I’m sure you knew perfectly well that I meant you never type foo - bar meaning foo subtract bar :-)
Even if I don't know what programming language you're talking about, if I see x2-x1 or margin-75 I know you probably mean subtraction, and if I see last-name or message-id you probably mean a single identifier. I've seen plenty of Lisp code that says things like x2-x1 in docstrings (because it is shorter) and I've never found it to be confusing.
What he's referring to as a dash is actually a hyphen (-), which is pretty ambiguous when compared to the en dash (–) and em dash (—), both of which require modifier keys to type (and are frequently used in prose, to counter another of his claims). Fortunately, I've never seen em dashes or en dashes used in code.
I think it's pretty clear from the article that his comments were meant to be taken in that context. If he'd chosen to preempt the pedantic readers by making that context explicit, it would have only diluted the article with noise that most people would rightly assume is implied by the context.
I don't know what your keyboard looks like, but mine doesn't have en- or em-dashes on it, and I wouldn't even consider them for a programming language syntax.
 Even when using en-dashes and em-dashes in prose, they can often be typed with multiple consecutive hyphens, e.g., '--' and '---' in LaTeX.
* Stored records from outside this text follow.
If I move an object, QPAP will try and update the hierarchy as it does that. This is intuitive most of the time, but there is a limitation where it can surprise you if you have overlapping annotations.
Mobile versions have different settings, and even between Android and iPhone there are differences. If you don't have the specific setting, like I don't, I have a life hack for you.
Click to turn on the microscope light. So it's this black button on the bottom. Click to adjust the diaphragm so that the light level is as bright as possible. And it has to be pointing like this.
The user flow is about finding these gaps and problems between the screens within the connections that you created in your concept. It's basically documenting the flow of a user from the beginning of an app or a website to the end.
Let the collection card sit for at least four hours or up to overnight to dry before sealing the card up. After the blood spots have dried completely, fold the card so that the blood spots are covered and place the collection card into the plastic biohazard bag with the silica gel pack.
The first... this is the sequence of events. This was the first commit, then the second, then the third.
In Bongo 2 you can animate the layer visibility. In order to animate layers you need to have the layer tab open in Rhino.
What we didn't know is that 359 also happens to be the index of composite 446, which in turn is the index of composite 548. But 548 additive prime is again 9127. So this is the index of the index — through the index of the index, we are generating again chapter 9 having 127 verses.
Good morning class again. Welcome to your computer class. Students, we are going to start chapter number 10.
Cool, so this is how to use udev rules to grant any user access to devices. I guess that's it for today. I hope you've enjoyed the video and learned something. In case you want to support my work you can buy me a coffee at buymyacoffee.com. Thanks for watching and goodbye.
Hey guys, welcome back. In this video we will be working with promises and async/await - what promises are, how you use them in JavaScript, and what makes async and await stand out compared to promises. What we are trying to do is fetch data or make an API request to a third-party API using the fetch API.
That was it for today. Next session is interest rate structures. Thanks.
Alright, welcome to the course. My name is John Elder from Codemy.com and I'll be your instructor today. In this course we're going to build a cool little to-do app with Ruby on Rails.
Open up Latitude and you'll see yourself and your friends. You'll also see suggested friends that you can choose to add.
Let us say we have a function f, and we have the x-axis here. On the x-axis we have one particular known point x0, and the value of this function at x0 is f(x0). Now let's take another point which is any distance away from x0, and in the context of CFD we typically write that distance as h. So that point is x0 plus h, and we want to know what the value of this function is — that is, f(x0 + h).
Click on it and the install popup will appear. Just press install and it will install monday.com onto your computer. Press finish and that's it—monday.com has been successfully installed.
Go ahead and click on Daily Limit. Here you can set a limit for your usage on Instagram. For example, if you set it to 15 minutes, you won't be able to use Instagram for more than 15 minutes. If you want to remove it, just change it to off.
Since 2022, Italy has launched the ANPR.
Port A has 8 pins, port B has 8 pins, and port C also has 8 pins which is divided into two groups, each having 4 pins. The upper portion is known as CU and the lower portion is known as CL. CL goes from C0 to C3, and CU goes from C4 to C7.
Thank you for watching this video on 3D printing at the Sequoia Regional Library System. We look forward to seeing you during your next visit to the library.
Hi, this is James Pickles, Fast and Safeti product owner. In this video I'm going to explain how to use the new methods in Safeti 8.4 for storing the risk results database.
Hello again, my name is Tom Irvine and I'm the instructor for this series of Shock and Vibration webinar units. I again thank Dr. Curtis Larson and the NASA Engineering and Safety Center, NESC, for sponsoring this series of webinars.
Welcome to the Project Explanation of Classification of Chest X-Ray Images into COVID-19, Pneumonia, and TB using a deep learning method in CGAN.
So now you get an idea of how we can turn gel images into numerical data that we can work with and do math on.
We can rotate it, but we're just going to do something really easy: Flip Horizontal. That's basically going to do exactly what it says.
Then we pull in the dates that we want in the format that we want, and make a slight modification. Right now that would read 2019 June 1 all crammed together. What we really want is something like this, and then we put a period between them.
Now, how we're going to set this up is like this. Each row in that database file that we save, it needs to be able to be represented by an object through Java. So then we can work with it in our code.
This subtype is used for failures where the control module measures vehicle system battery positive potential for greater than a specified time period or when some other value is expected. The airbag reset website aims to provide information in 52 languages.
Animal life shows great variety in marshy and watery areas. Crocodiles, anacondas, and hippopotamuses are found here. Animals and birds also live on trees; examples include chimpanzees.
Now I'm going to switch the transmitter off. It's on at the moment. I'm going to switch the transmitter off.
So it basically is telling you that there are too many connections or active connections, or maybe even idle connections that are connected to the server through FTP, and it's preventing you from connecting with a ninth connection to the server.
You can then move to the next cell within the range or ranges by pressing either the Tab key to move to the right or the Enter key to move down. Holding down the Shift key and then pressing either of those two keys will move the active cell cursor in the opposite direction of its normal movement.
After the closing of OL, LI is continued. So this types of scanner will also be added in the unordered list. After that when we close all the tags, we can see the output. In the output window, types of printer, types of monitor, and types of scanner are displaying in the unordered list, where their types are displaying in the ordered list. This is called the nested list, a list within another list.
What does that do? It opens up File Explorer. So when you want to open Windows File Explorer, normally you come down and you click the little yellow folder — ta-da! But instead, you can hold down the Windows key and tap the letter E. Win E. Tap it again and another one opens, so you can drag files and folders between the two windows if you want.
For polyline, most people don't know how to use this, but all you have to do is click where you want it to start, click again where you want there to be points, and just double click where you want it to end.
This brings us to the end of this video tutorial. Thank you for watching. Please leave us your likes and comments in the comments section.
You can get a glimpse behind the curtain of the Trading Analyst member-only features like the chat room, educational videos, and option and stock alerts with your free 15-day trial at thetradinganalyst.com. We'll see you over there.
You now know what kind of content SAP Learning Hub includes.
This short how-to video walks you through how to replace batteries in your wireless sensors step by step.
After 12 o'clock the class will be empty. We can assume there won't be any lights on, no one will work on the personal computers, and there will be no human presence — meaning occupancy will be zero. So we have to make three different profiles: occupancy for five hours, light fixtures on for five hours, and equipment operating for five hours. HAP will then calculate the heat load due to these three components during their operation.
While most of the article talks about code, the author mentions underscores being ambiguous in the context of underlined fonts. (I don't even think my text editor [for code] supports underlined fonts.)
He also mentions only using shift once or twice per sentence when writing prose.
So it would seem that the author is just hating on _ in all contexts. Which is kind of silly. (Though I'll admit, the point of it being improperly handled with underlined fonts is certainly a valid complaint.)
Well, mine does, and I used to have a co-worker who actually used it for coding. So there you go. :-)
How would you use it for coding, though? Unless you stripped it before the compile phase I would think any formatting in a rich-text format would choke up almost any interpreter or compiler.
Lot's of editors do. In Eclipse, for one, it's common to see function names and such shown as hyperlinks when you click on them (with underlines), which makes their definition open (like a function call is "linked" to the function definition).
The people who think only in terms of the “big picture” while glossing over the details are not programmers. They are “architects.”
EDIT: This second statement is probably not correct. I would use strikethrough if I could. But the first statement still rings true with me, many programmers are detail-oriented, which means that they care about lots of things other people would consider irrelevant. Whether this is, on the whole, a good thing or not is another matter. But I do not think it is surprising.
For example, I'm a great typist so the underscore key has never really bothered me.
But to call the author out on being detail oriented would be inane of me. I myself don't like keyboards that have small backspace keys. I also still hate OS X for having the window control cluster on the top-left corner.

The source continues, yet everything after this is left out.